▶ TASK ITEM
From the records below, print only the part that opens with the line containing "blue-roan-roan-gypsy-vanner" and closes with the line containing "BMW X5 G05 Chłodnica"; omit the pictures.

▶ DATASET CONTENT
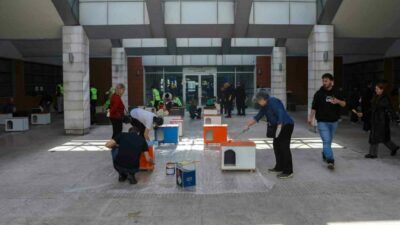 Bursa Büyükşehir Belediyesi, 17 Şubat Dünya Kediler Günü kapsamında düzenlediği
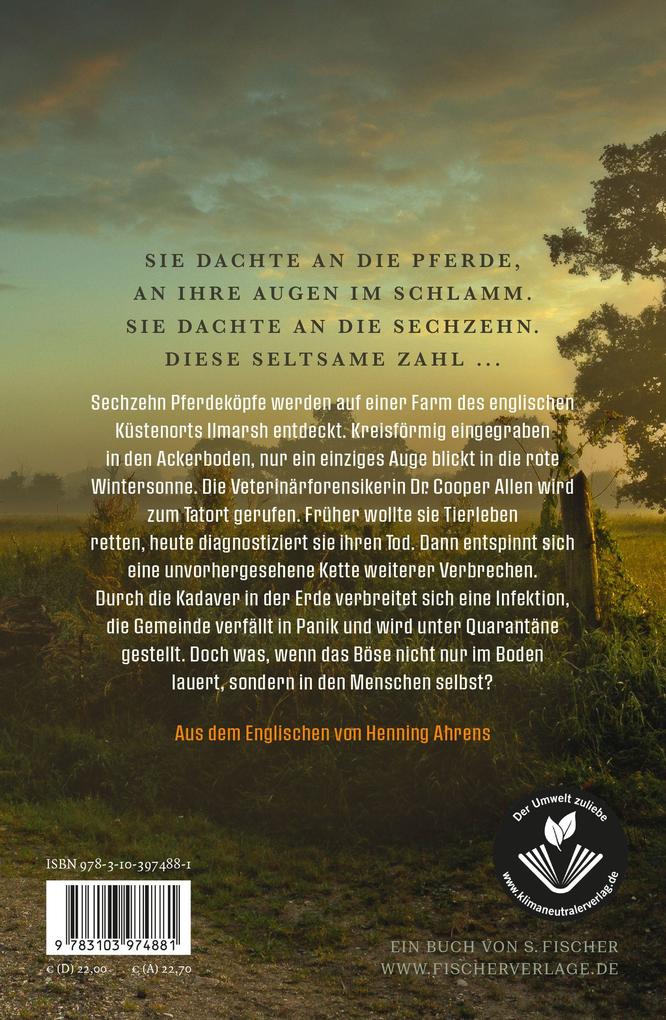 Weitere Ansicht: Sechzehn Pferde | Greg Buchanan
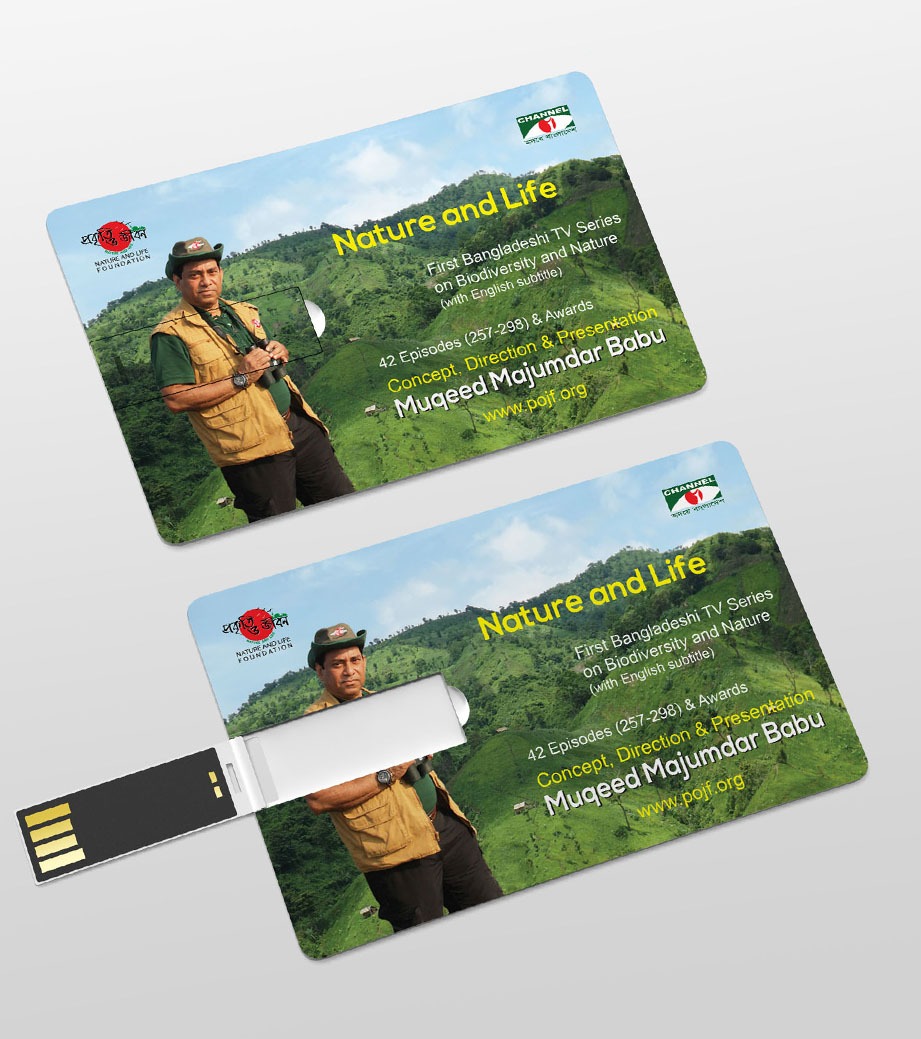 Pendrive
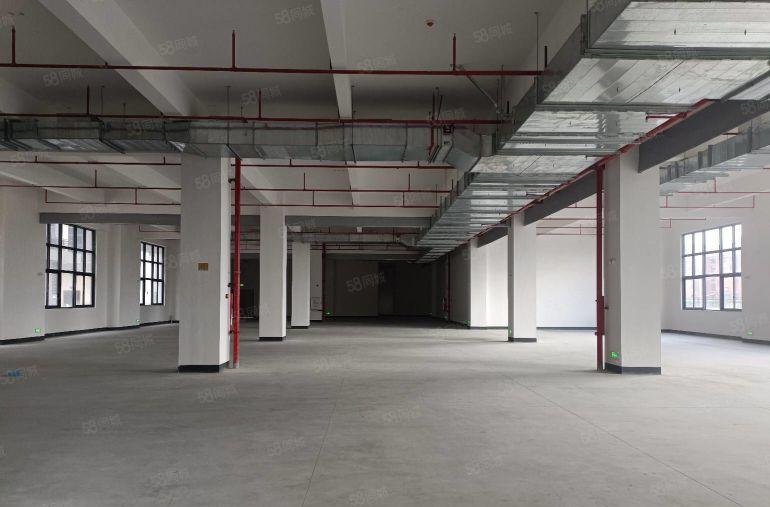 马安独门独院五层约27000平方红本厂房宿舍招租首层高6米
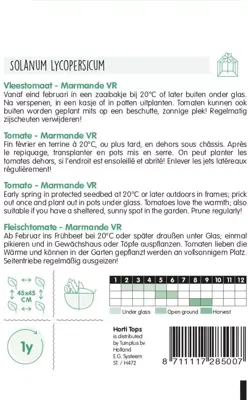 Horti tops zaden tomaten marmande vleestomaat - afbeelding 2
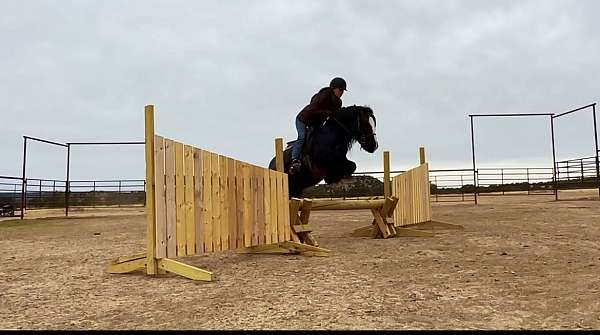 blue-roan-roan-gypsy-vanner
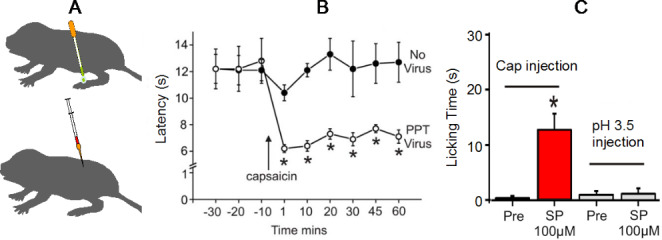 Fig. 13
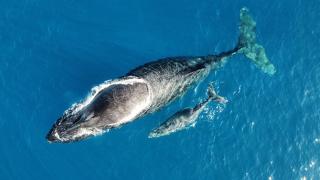 Port de saint leu location Bateau avec skyper 2H o693-40-58 - 8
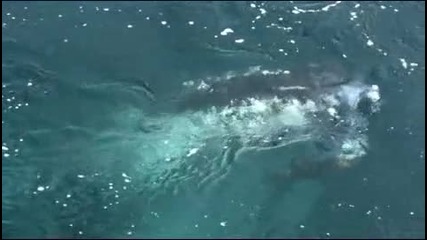 Китове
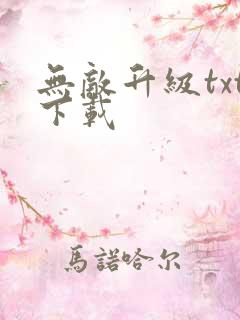 无敌升级txt下载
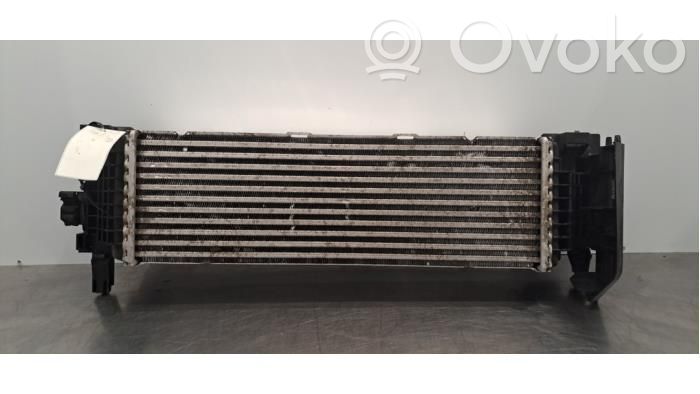 BMW X5 G05 Chłodnica powietrza doładowującego / Intercooler 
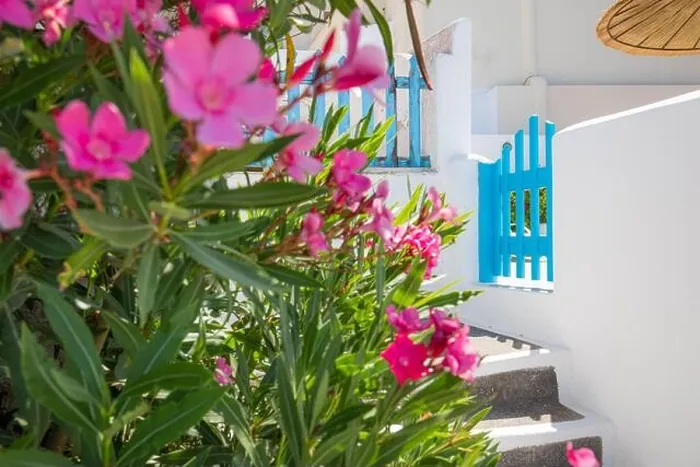 Framed Print : Fantastic travel background, Santorini urban street landscape. Blue door or gate stairs and white architecture under sunny sky. Amazing summer scene Framed Print : Fantastic travel background, Santorini urban street landscape. Blue door or gate stairs and white architecture under sunny sky. Amazing summer scene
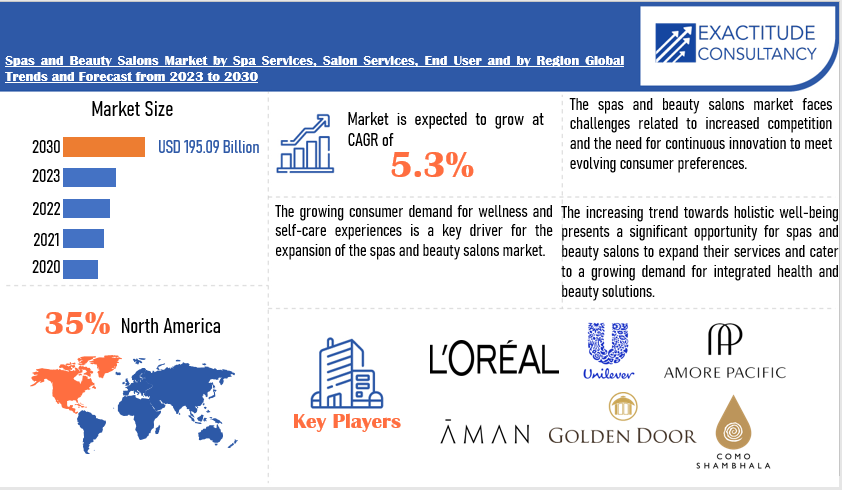 Spas and Beauty Salons Market | Exactitude Consultancy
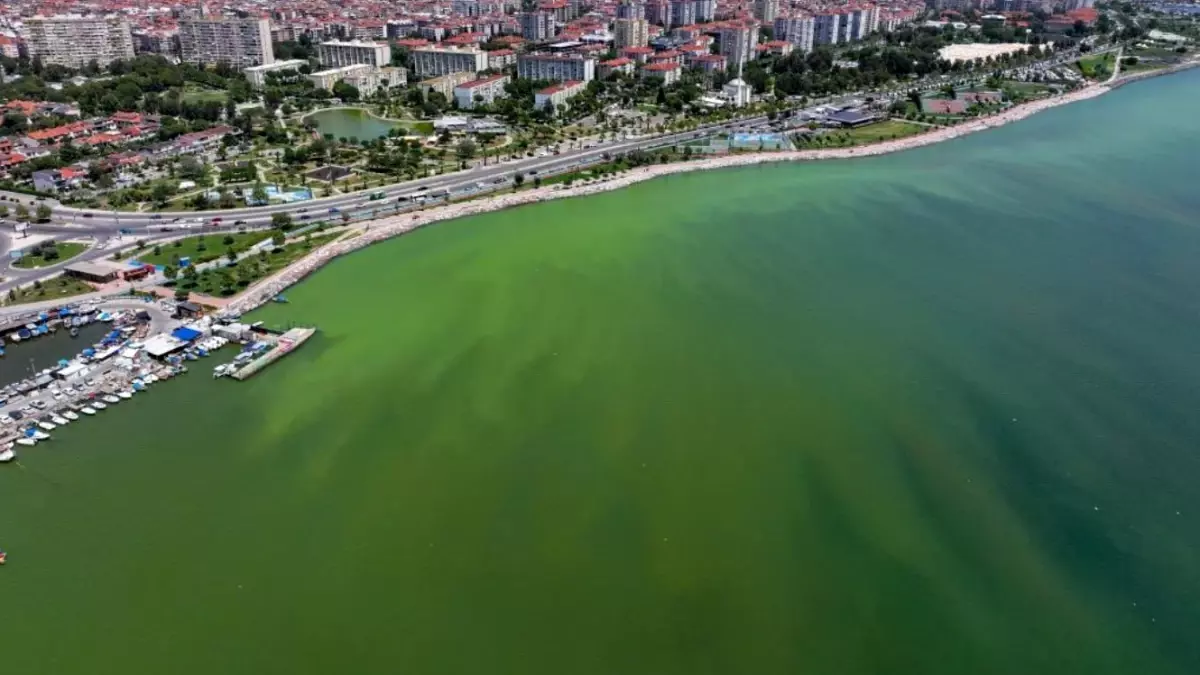Okyanusların Koyu Renklenmesi Artıyor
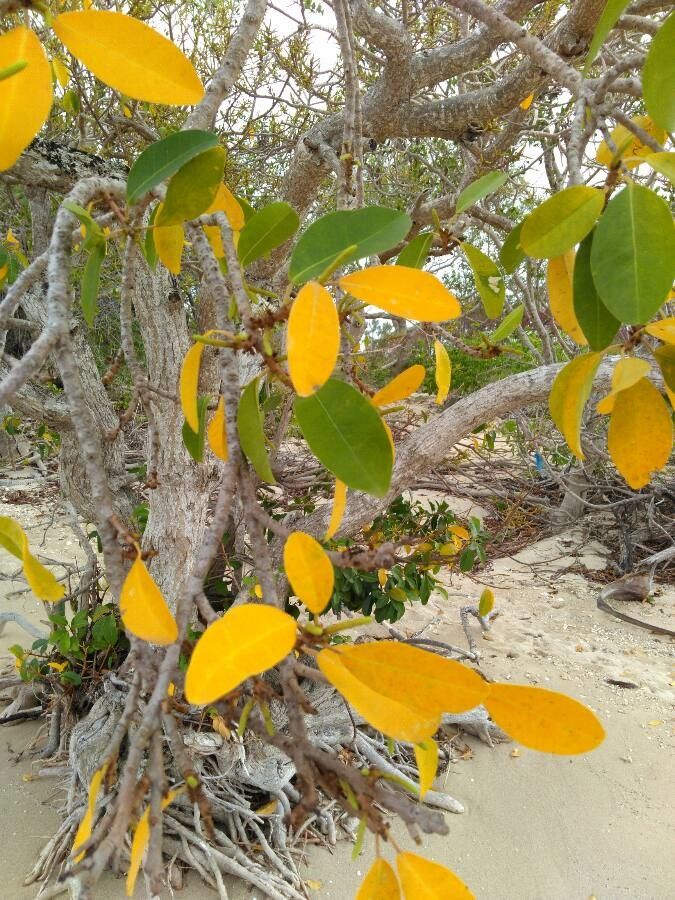 Excoecaria agallocha — flood tolerant houseplant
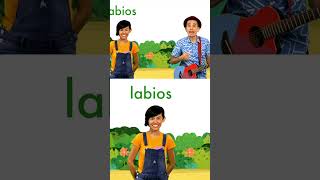 Conoce palabras por la letra L de León 🦁 123andres musicainfantil shortsvideo kidsvideo shorts [upl. by Nigel]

▶ RESPONSE TO THIS TASK
 blue-roan-roan-gypsy-vanner
 Fig. 13
 Port de saint leu location Bateau avec skyper 2H o693-40-58 - 8
 Китове
 无敌升级txt下载
 BMW X5 G05 Chłodnica powietrza doładowującego / Intercooler 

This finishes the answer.